Doro v. Sheet Metal Workers' International Ass'n

498 F.3d 152 | 2d Cir. | 2007

B e f o r e: MESKILL, NEWMAN and SACK, Circuit Judges.

Appeal from a judgment of the United States District Court for the Southern District of New York, Brieant, J., entered on December 27, 2005, granting summary judgment for Defendant- Appellee-Cross-Appellant Sheet Metal Workers’ International Association and denying Plaintiff-Appellant-Cross-Appellee Louis Doro’s motion for partial summary judgment on his claim under the Labor-Management Reporting and Disclosure Act, 29 U.S.C. § 411.

Affirmed; cross-appeal dismissed. CHRISTOPHER WATKINS, Chester, NY (Stephen Bergstein, Bergstein & Ullrich, Chester, NY, of counsel), for Appellant.

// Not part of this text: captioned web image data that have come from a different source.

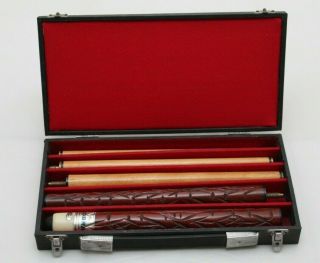 Vintage 5 Piece Hand Carved Pool Cue Billiard Stick In Hard Carrying Case Vgc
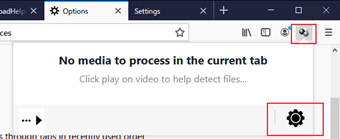 Video DownloadHelperのアイコンをクリックして設定を開く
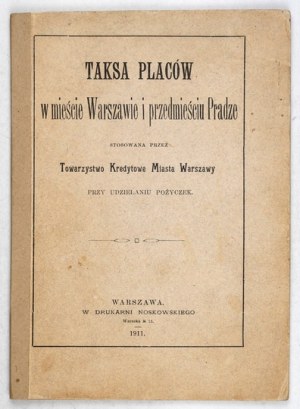 TAKSA delle piazze delle città di Varsavia e Praga. 1911.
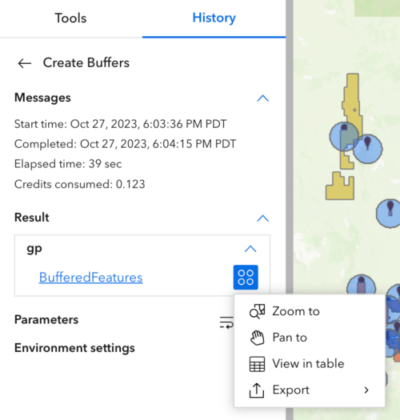 Actions available for an analysis result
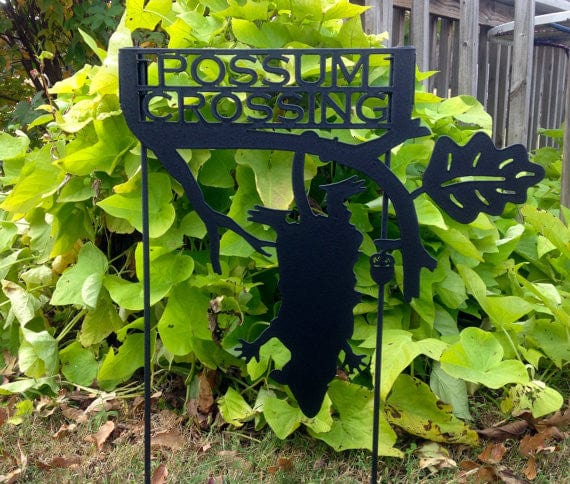 Rusty Rooster Fabrication & Design Possum Crossing Garden Stake (Y9)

JEFFREY S. DUBIN, Huntington, NY, for Appellee. MESKILL, Circuit Judge: This case asks us to decide whether the Sheet Metal Workers’ International Association (the International) may be held liable under the Labor-Management Reporting and Disclosure Act (LMRDA), 29 U.S.C. § 411, because in its quasi-appellate role, the International ratified a decision of the local union that allegedly violated member Louis Doro’s (Doro) due process rights. We hold that the United States District Court for the Southern District of New York, Brieant, J., properly granted summary judgment for the International and dismissed the claim.

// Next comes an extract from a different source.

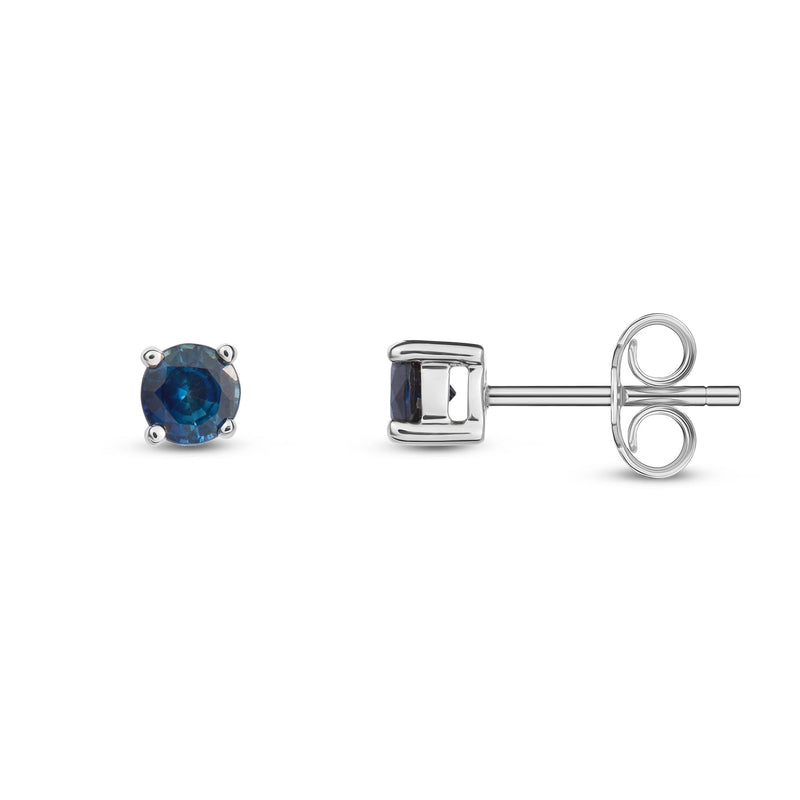 9ct White Gold Sapphire 4mm Round 4-Claw Stud Earrings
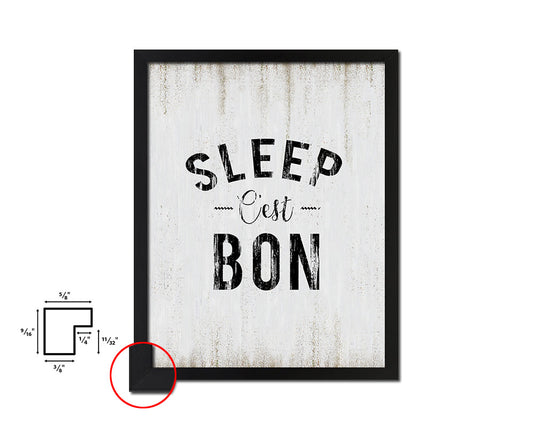 Sleep Cest Bon Quote Wood Framed Print Wall Decor Art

Affirmed; cross-appeal dismissed.

BACKGROUND

Doro is a sheet metal worker who since 1989 has been a member in good standing of the International and its affiliate, Local Union 38 (Local 38). Doro occasionally worked overtime for a Local 38 contractor, P & P Sheet Metal, performing pipe sketching and estimating jobs related to piping and electrical work. On October 22, 1998, fellow Local 38 member Nicholas Colombo, Sr. (Nicholas Colombo), filed charges against Doro with the local union. The charging document alleged the following misconduct:

-Member working for P & P Sheet Metal (a [Local] 38 contractor) accepting substandard wages and benefits for work performed after 40 hours with full knowledge that benefits were not being paid into [Local] 38 and the International Pension. -Member failing to obtain an overtime permit. -Member receiving two benefits (vacation and dues check- off in their [sic] pay[)].

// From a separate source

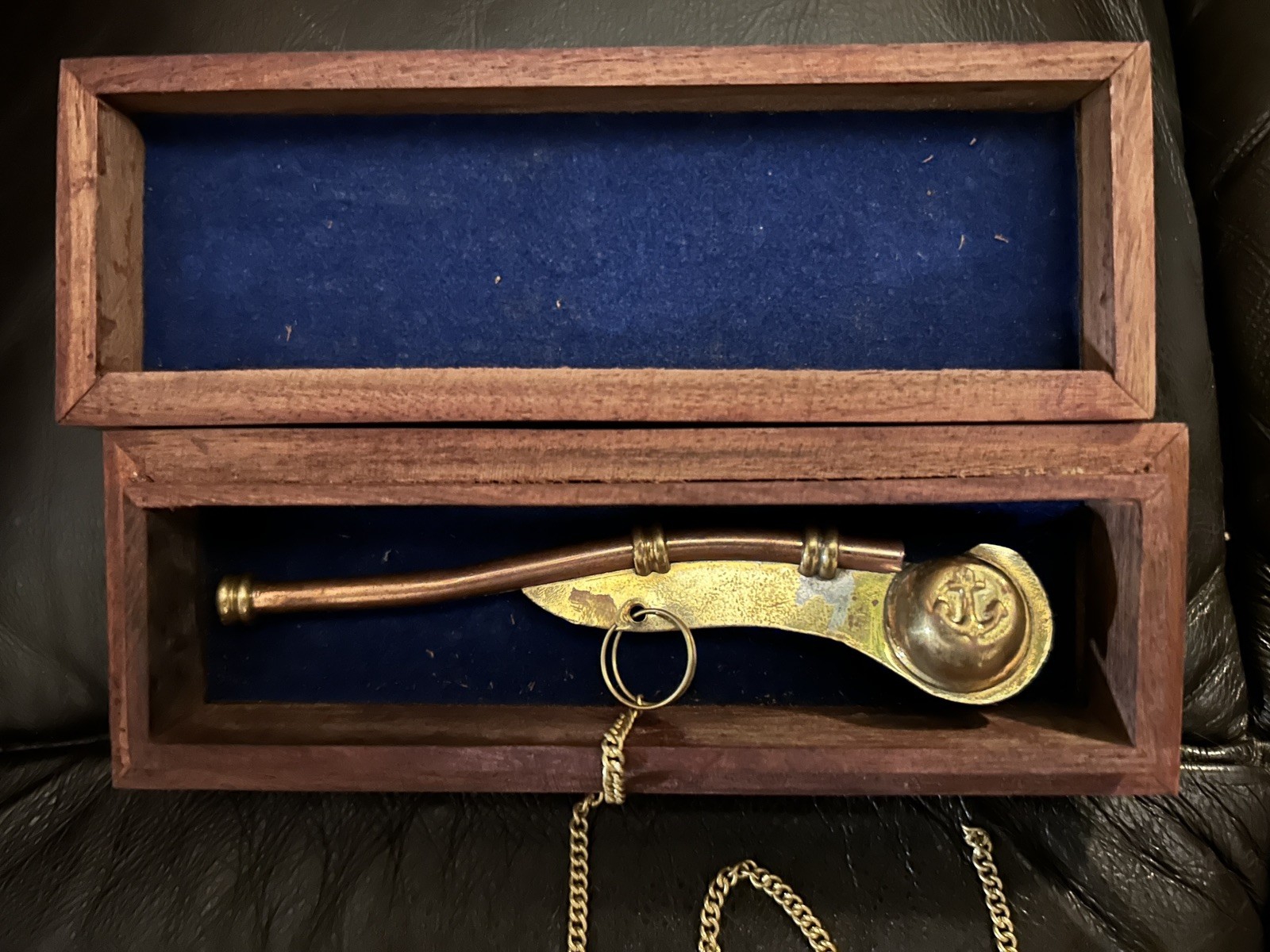 Brass / Copper Boatswain Whistle w/ Box ~ Bosun Call Pipe ~ Nautical Maritime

On the same day, Nicholas Colombo filed charges against another Local 38 member, Anthony Pelella (Pelella). The documents charging Pelella and Doro are identical, except for the name and address of the charged party.

Doro, in his April 8, 2005 deposition, testified that he was one of about 13 members whom Local 38 charged for work performed for P & P Sheet Metal, allegedly in violation of the union constitution, and that he understood the substance of the charges against him. According to Doro, Roy Seacor, P & P Sheet Metal’s owner, called a meeting of all the charged members and said not to worry about the charges, and that the issue of any fines imposed would be dealt with after the union trial.

On November 4, 1998, less than two weeks after mailing the charges, Local 38’s Executive Board Trial Committee tried both Doro and Pelella separately. The record before us contains no transcript of the proceedings against Doro and Pelella. Nicholas Colombo’s brother Gino Colombo served as Chairman of the Trial Committee. Doro did not object to the composition of the Trial Committee. Nicholas Colombo read the charges, and Doro responded that he was “sorry if [he] did anything wrong.” Doro was not represented by counsel at the hearing or, apparently, at any other time during the union proceedings against him. The record provides no details of Pelella’s trial, or any indication whether Pelella admitted the factual basis for the charges against him.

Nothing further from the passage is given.